Today I took a class on meditation and writing. We practiced sitting meditation, walking meditation, zen meditation, and eating meditation. The goal of each is to be present and to keep returning your attention to this authentic moment, not moments remembered or projected or invented. We also took time to write about how we experienced each form.
I am used to incorporating a deliberate effort at presence during yoga practice, which is the closest thing to meditation that I do on a regular basis. During the in-class sharing and discussions, I couldn't help thinking of pole as another source of meditation for me.
Pole demands that I be in the moment. I can't be up there doing Gemini-Scorpio switches while mentally writing a shopping list, or replaying a conversation I had yesterday, or brainstorming ideas for my novel. That's a quick trip to a bump on the head!
Pole demands that I be conscious of my body, the placement of each limb, the bend in my back, the contraction of my muscles, the centrifugal force from my spin, my center of balance, down to the positioning of my fingers and toes. All at once. How could there be room for anything else?
Pole demands that I detach myself from my ego, my identity. When I am on the pole, I am a dancer and a dancer alone. In that moment, I am not a marketing copywriter, or an author, or a teacher, or a wife, daughter, or sister.
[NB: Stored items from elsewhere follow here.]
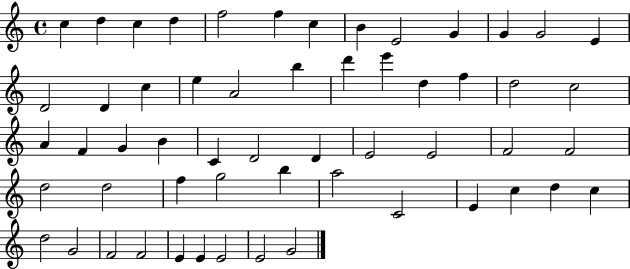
{
  \clef treble
  \time 4/4
  \defaultTimeSignature
  \key c \major
  c''4 d''4 c''4 d''4 | f''2 f''4 c''4 | b'4 e'2 g'4 | g'4 g'2 e'4 | \break d'2 d'4 c''4 | e''4 a'2 b''4 | d'''4 e'''4 d''4 f''4 | d''2 c''2 | \break a'4 f'4 g'4 b'4 | c'4 d'2 d'4 | e'2 e'2 | f'2 f'2 | \break d''2 d''2 | f''4 g''2 b''4 | a''2 c'2 | e'4 c''4 d''4 c''4 | \break d''2 g'2 | f'2 f'2 | e'4 e'4 e'2 | e'2 g'2 | \break \bar "|."
} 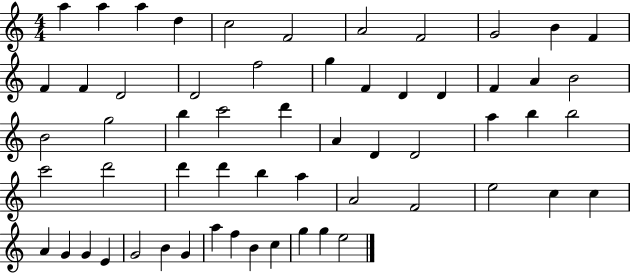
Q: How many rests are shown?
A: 0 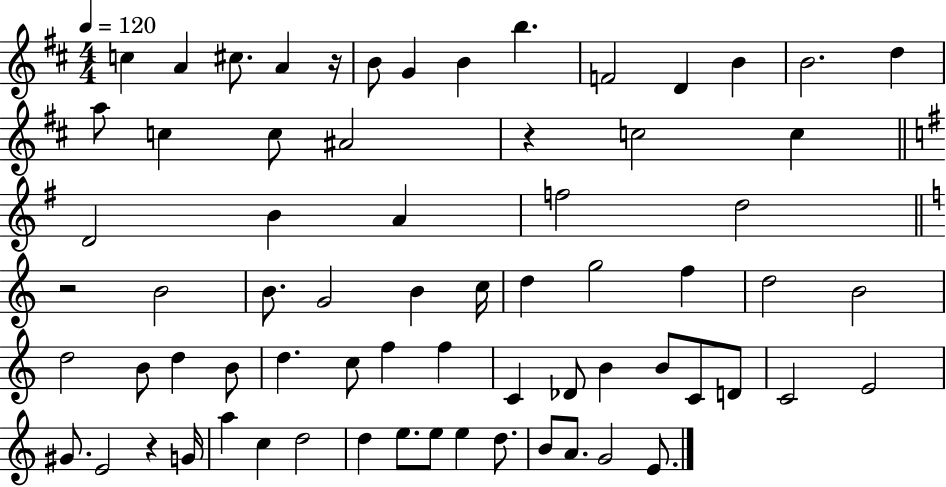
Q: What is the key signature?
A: D major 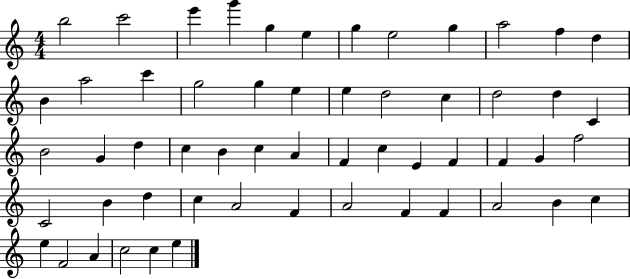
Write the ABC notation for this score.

X:1
T:Untitled
M:4/4
L:1/4
K:C
b2 c'2 e' g' g e g e2 g a2 f d B a2 c' g2 g e e d2 c d2 d C B2 G d c B c A F c E F F G f2 C2 B d c A2 F A2 F F A2 B c e F2 A c2 c e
I am not even a woman. Each of these identities dissolves into expressive movement, no longer distinguishable from one another. They are not necessary for carrying out the dance. If I cling to them, they have the power to take me away from the pole, to disturb and alter my intuitive rhythm. The more I shed them and get down to the core of me, the better I fit into my own skin.
I suspect this explains why freestyle is my favorite kind of pole practice. Learning tricks is one thing, it adds to my vocabulary of possible expressions. Practicing and polishing those tricks creates fluency with the language of dance. But freestyle - dancing free, free of baggage, free of anxiety, free of pain, free of judgment - that's where the magic happens for me.
That's when everything else in the world stops and my truest self is present. Mentally, physically, emotionally, spiritually, fully.